Sunset in June

Jose Weiss (British, 1859-1919)

The Union Club of Cleveland, by gift of Caesar A. Grasselli II and Thomas F. Grasselli in memory of Mr. and Mrs. Thomas S. Grasselli, 1952

Jose Weiss, a European landscapist and early aviator, was born to English parents in France where he lived until 1893 when he settled permanently in England. There he forged a career painting the Sussex landscape in a manner that combines aspects of French Barbizon painting with perhaps a bit of Constable’s passionate preoccupation with the restless English sky. His quiet scenes of cattle watering near a pool late in the day recall motifs favored by Daubigny and Corot, and were well received at the Royal Academy, Royal Society of British Artists, and Parisian salons.

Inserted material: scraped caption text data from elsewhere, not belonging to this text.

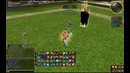 Lineage 2 High Five RuOff – Athebald Soultaker Olympiad Games – YouTube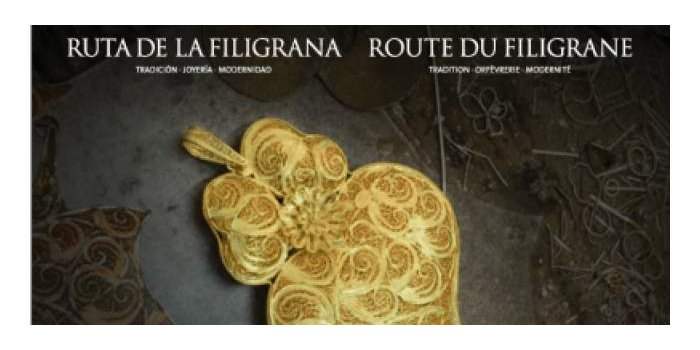 La route du filigrane 2 Retour en images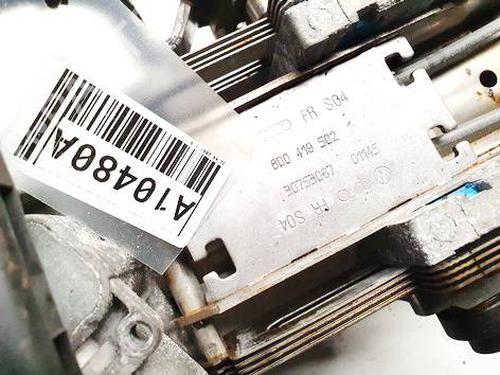 Steering column AUDI A4 B5 (8D2) 1.9 TDI | BP34855196M21 - Image 2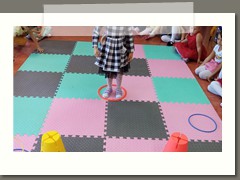 IMG_20200921_103401
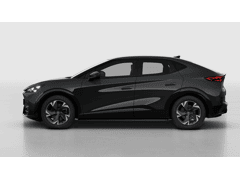 CUPRA Tavascan Essential - Afbeelding 3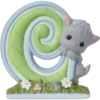 ABC Animales ( Pedido) 16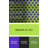 Indoor Rug-1297953416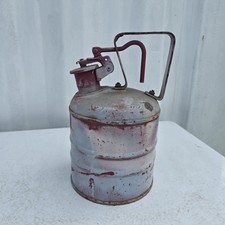 12 gas cans for sale 12 gas cans for sale Jensen Beach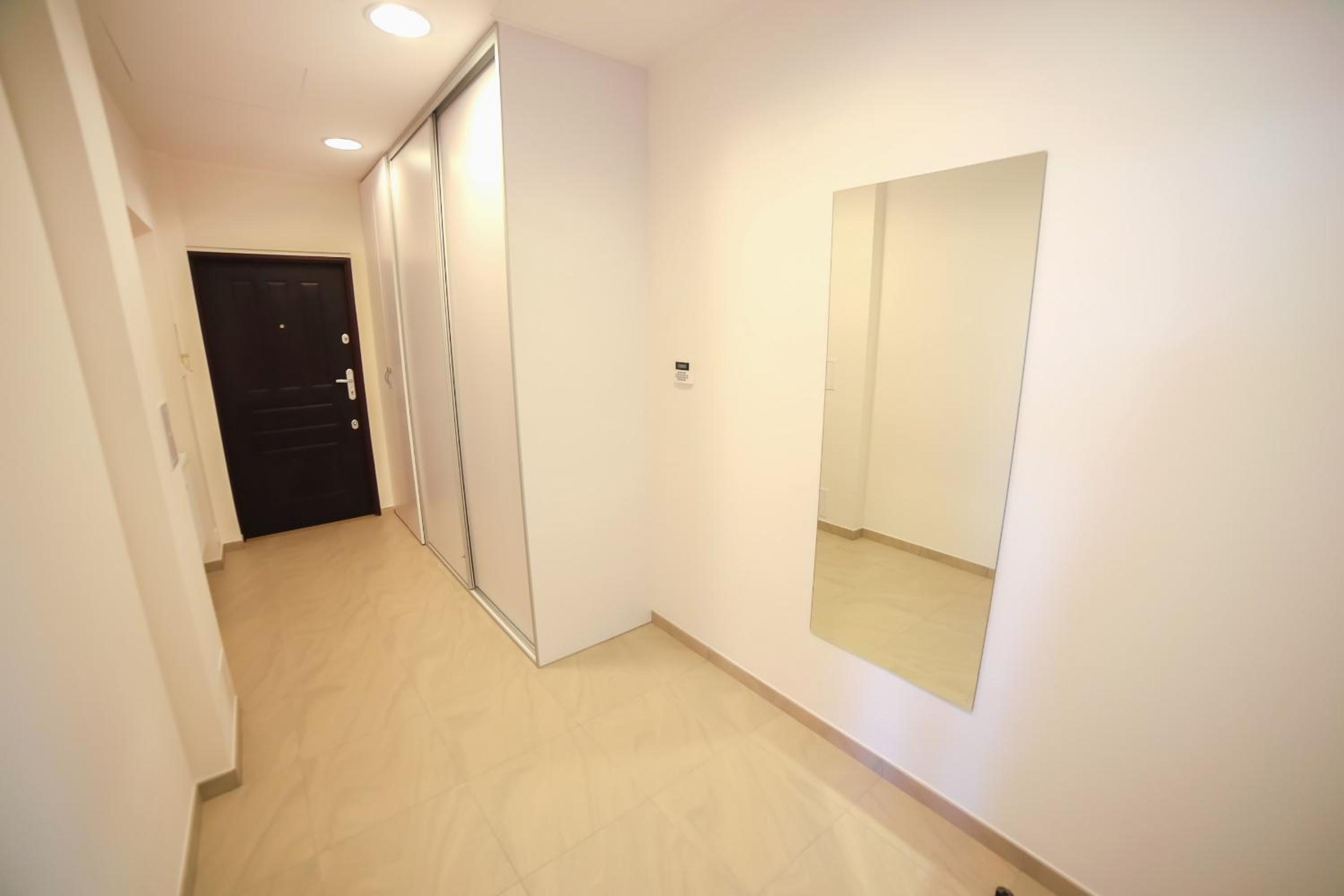 Apartamenty Sobieski view 3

Besides painting, Weiss was a tremendous glider enthusiast. Perhaps his keen attention to sky effects in his landscapes provide a hint of this fascination. His choice of residence in the windswept countryside at Houghton, near Arundel in Sussex presented prime opportunities both for painting and for flying the man-powered gliders he invented. Beginning in 1908, me made a series of flying wing gliders and powered aircraft, all based on the same bird-like wing configuration. The most famous of these “ornithopters” was the Kieth Weiss Aviette, designed together with Alexander Keith, which used foot pedals and levers to make the wings beat. While his Aviette never flew successfully, Weiss’s work on it and other models lead to the first successful designs made by Handley Page.